Hal senada disampaikan kakak ipar Titus, Nila (34). Dia kecewa terhadap eksekusi mati terhadap Titus. Lantaran proses hukumnya dianggap belum tuntas.
"Tidak ada konfirmasi apa pun dari pihak Kejaksaan pada keluarga. Mas, Titus sedang upaya PK yang kedua, loh," kata Nila.
Sementara itu, Farhat Abbas, pengacara Seck Osmane, menganggap proses eksekusi yang terjadi pada Jumat dinihari tadi adalah suatu kesewenang-wenangan yang melanggar hak konstitusi dari terpidana. Apa yang dilakukan Jaksa bertentangan dengan Undang-Undang Grasi.
"Saya sudah berkonsultasi dengan pihak keluarga, akan melakukan upaya konstitusi, upaya perdata, maupun upaya pidana, terhadap pelaku-pelaku yang mengeksekusi Osmane dinihari tadi," kata dia.
Farhat mengungkapkan, Pengadilan Negeri Jakarta Selatan telah menerima permohonan grasi Osmane pada 27 Juli 2016. Namun ternyata, Osmane tetap dieksekusi.
Eksekusi Freddy Budiman
Kejaksaan Agung mengeksekusi empat terpidana mati Jumat dinihari tadi.
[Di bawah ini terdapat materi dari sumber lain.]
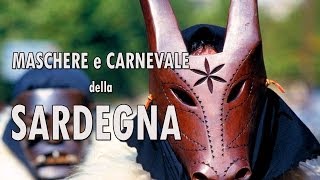 Maschere e Carnevale della Sardegna [upl. by Elayor]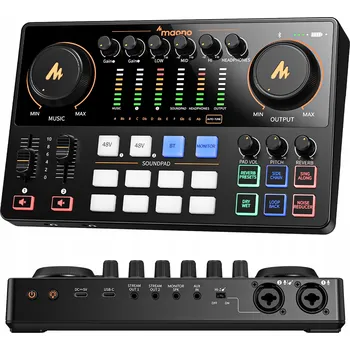 Externí zvuková karta Maono 50672-0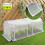 GardenKraft 26610 10-Pack Artificial Grass U-Pegs / Multi-Use Ground Pegs 5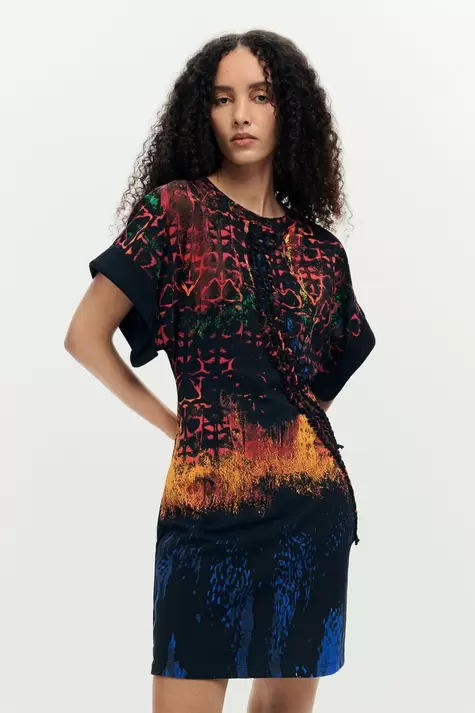 Kleid entworfen von Mr. Christian Lacroix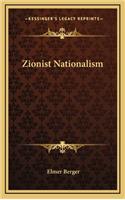 Zionist Nationalism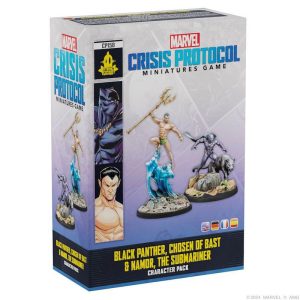Atomic Mass Marvel Crisis Protocol   Marvel Crisis Protocol: Black Panther, Chosen of Bast & Namor, The Sub-Mariner - FFGCP158 -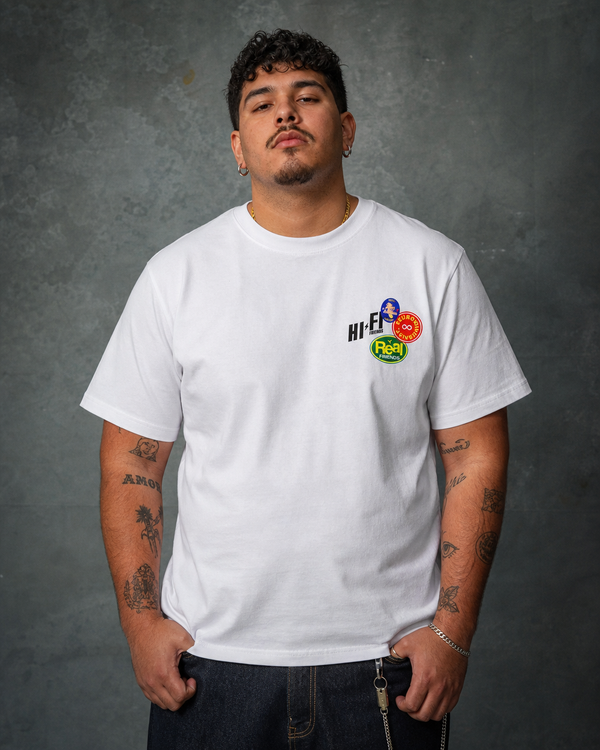 Fresh Friends are The Best Friends design on a unisex tee.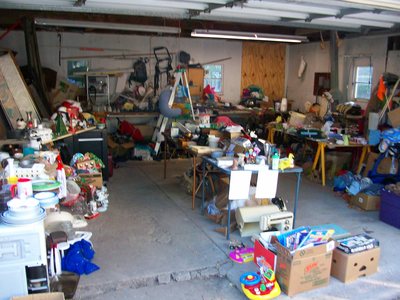 The garage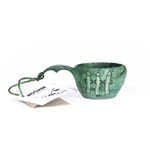 Kupilka KUKSA 120 ml Small - #OURSEA Moomin Hattifatteners (GREEN)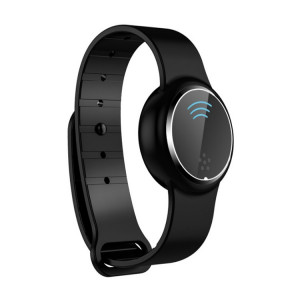 Anti-moustique à ultrasons Bracelet anti-moustique électronique Montre portable extérieure anti-moustique (Noir) SH301A1431-20
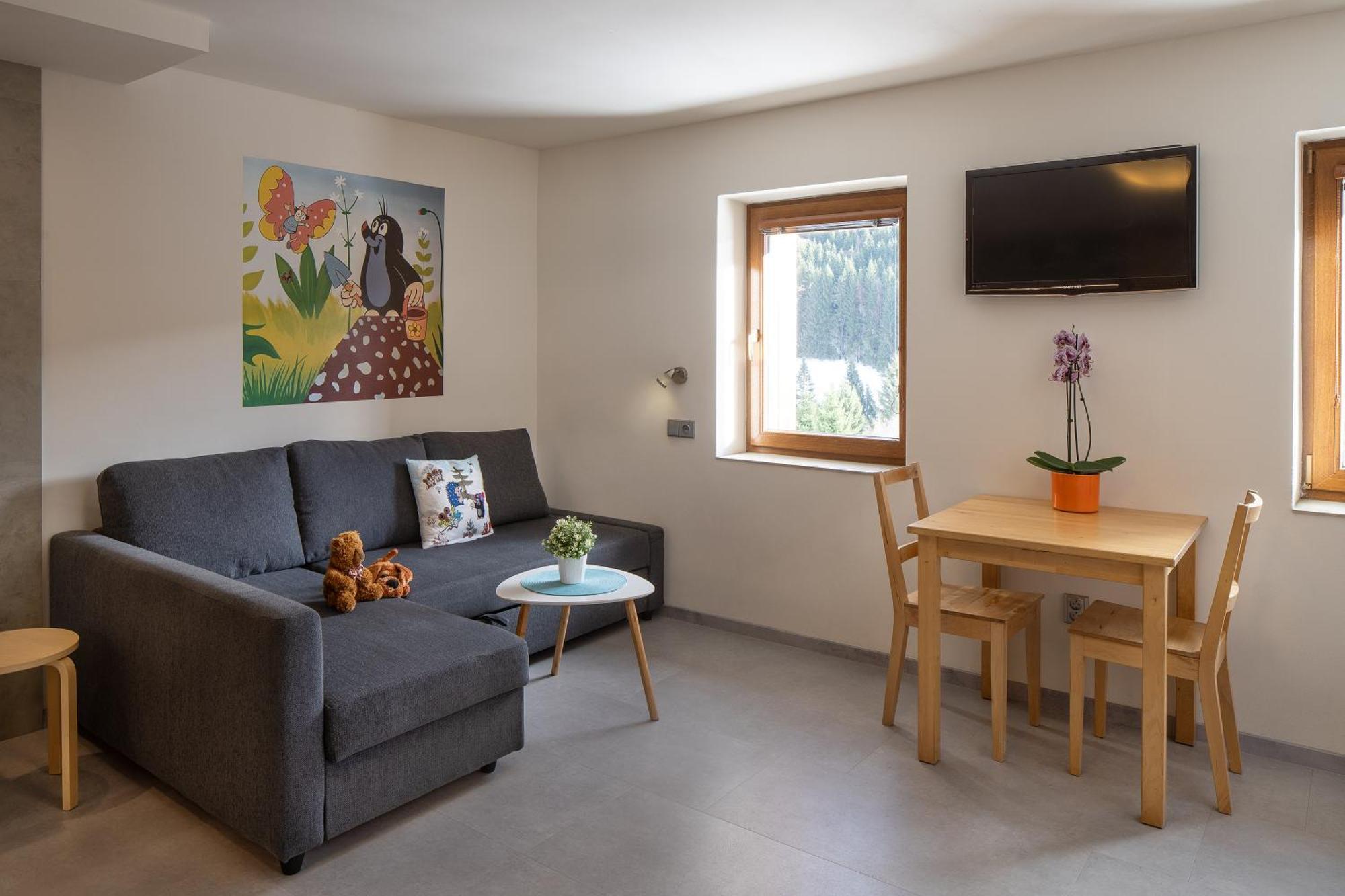 Apartmany Pro Rodiny S Detmi - Permonik Dolní Malá Úpa Exteriör bild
Salah satunya adalah gembong narkoba Freddy Budiman. Jaksa Agung HM Prasetyo mengaku punya alasan khusus Freddy terkena eksekusi mati jilid III. Tidak jera adalah salah satu alasannya.
"Freddy Budiman, saya rasa kita semua tahu persis tokoh yang satu ini," kata Prasetyo.
Freddy, kata dia, merupakan terpidana mati kasus narkotika yang tertangkap ketika menyelundupkan 1.412.476 butir ekstasi ke Indonesia dari Tiongkok.
Dia ditangkap meski masih mendekam di LP Cipinang pada 30 Juni 2012 atas kasus ini. Freddy sendiri dipenjara di LP Cipinang sejak 1997 atas kasus pengedaran narkoba.
"Meski sudah divonis pidana mati tapi, meski dari balik penjara, yang bersangkutan pernah tertangkap kembali memproduksi narkoba dalam penjara di Cipinang. Beberapa kali tertangkap tangan jaringannya saat mengedarkan narkoba. Bukti keterlibatan atas jaringannya pun kuat dan barang bukti cukup banyak," ujar Prasetyo.
Selain itu, pengajuan peninjauan kembali (PK) Freddy Budiman sudah ditolak Mahkamah Agung.
"Tepat pada Hari Adhyaksa kemarin, MA sudah menolak upaya hukum PK yang bersangkutan," lanjut Prasetyo.
Menurut dia, Freddy memang baru mengajukan satu PK. Namun, kepada jaksa, Freddy menyatakan sudah siap dieksekusi mati.